GAI renews its call for action on fire safety competencies and fire door checks

  • 23 Aug 2019

The Guild of Architectural Ironmongers (GAI) has announced that it has renewed its call for mandatory competency checks on those who specify fire doors and associated door hardware.

This comes in response to the Building a Safer Future consultation on fire safety and the Regulatory Reform (Fire Safety) Order 2005 call for evidence. The Building a Safer Future proposals build on the recommendations from Dame Judith Hackitt’s Independent Review of Building Regulations and Fire Safety, setting out ideas for the fundamental reform of building safety requirements, designed to ensure residents can be safe, and feel safe, in their homes.

In addition, the GAI has also called again for mandatory fire door inspections and maintenance as part of Building Regulations. Its response noted that, while the report says residents and landlords in High Risk Residential Buildings should ensure fire compartmentation is maintained to a suitable standard, this was in fact only a step in the right direction.

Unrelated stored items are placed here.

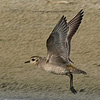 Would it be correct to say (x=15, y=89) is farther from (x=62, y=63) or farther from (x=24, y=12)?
(x=62, y=63)

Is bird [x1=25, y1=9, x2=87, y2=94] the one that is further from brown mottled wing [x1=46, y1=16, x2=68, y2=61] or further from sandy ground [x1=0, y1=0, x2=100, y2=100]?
sandy ground [x1=0, y1=0, x2=100, y2=100]

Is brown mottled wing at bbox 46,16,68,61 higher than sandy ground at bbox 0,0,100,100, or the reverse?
brown mottled wing at bbox 46,16,68,61

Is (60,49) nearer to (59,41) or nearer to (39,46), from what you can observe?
(59,41)

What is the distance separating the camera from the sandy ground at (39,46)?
28.6 ft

Douglas Masterson, technical manager of the GAI, comments: “Any increased emphasis on competence in industry is most welcome by our industry. The architectural ironmongery industry’s view is that there is a clear requirement for fire-related and other complex specifications to be undertaken by qualified ironmongers, and that installations and maintenance should also be undertaken by qualified personnel or companies. Competence is key across all these areas when it comes to ironmongery, particularly for fire and escape doors.”

In its submission to the consultation, the GAI has also highlighted its growing concerns about continued ‘value engineering’ by contractors and sub-contractors, particularly the frequent changes to architectural ironmongery specified for fire doors.

The Guild supports the change control process recommended in Hackitt’s report, but also recommends taking it further to add ‘changes in specification on product with fire and life safety implications’ to the list of changes that would be deemed major.

Major changes would require the principal contractor to consult the client and principal designer, and then, if they are happy with these changes, the principal contractor must then notify the regulator and submit further details before carrying out the work.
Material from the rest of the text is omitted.